News last update:6 Aug 2012

CAP Health Check becomes more clear

The European Union has launched its next re-think of the Common Agriculture Policy, but Europe's livestock industry is already looking—and finding—areas of concern.

Known as the "CAP Health Check ," much of the main focus will be on further simplifying how farm payments will be made under the Single Payment Scheme and further decoupling in the livestock sector.

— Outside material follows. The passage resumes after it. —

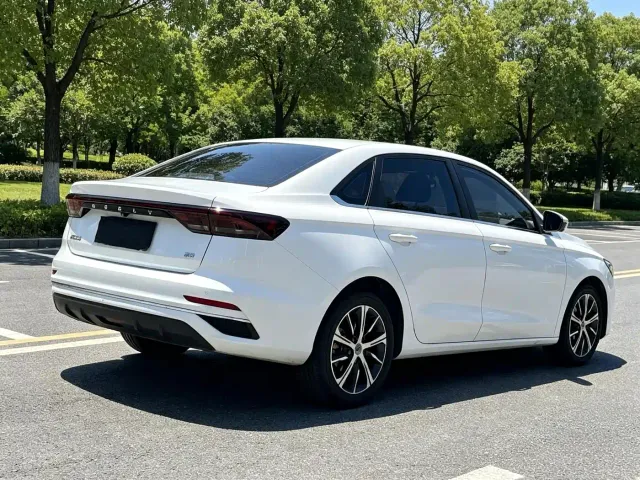 Geely Emgrand — Фото автомобиля 4
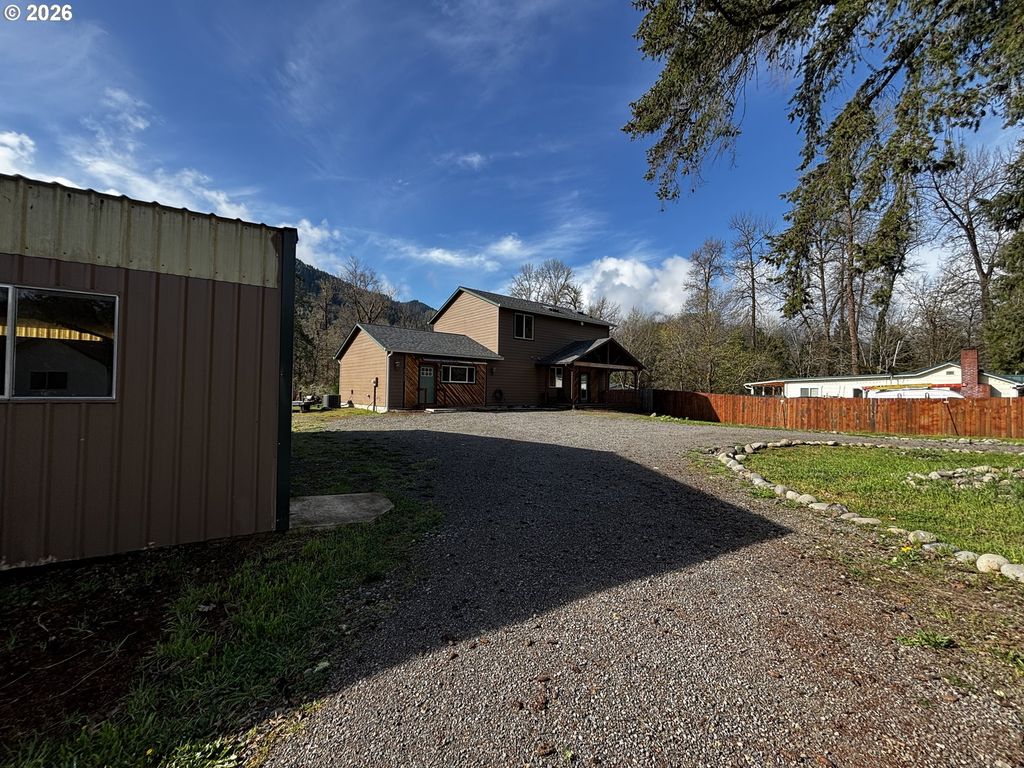 47426 School St, Oakridge, OR 97463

According to Frans van Dongen, international director of the Dutch Product Boards for Livestock, Meat and Eggs, though there are no direct premiums for pigs or poultry, some indirect premiums are still tied to land ownership for arable crops—for those producers who make their own feed. During the Health Check, those premiums may be reduced or eliminated, but most countries have already chosen to decouple those during the first part of the CAP reform.

Arable crops
"One likely aspect to appear in the proposals is the initiative to abolish set-aside for arable crops. Considering this past campaign with such a tight demand supply situation on world markets, very high prices and now new demand linked to the energy sector in biomass, it would seem sensible to mobilise all EU agricultural land. It is anticipated this initiative would result in 10 to 17 million tonnes of cereals made available on the market which would also assist in increasing closing stocks," said June Pearson, Head of Policy for the Grain and Feed Trade Association (GAFTA ). This is good news for pork and poultry producers, says van Dongen, because of recent increases in feed prices that is puting pressure on many livestock producers this year, something which isn't likely to ease in the short term. "On cereals intervention, it is expected that the Commission will gradually phase out the intervention system. Considering the last campaign with short supplies, intervention has become obsolete," she said.

Biofuel impact
For the pigmeat and poultry industries, one of the biggest knock-on effects from the Health Check will be from the new focus on biofuels. The EU's desire to boost biofuels use to 10% by 2020 would likely put pressure on cereal producers to increase production, especially with the elimination of set-aside likely to come out of the Health Check. "Focus has moved away from the livestock sector as a main customer for cereals towards energy markets and biofuels, emerging as a new competitor for the same resource. We need to have a debate on how to maintain a balance. I always say food and feed should come first as cereal supplies are strategic for the EU", says Alexander Doring, Secretary General of the European Association of Animal Feed Compounders (FEFAC ).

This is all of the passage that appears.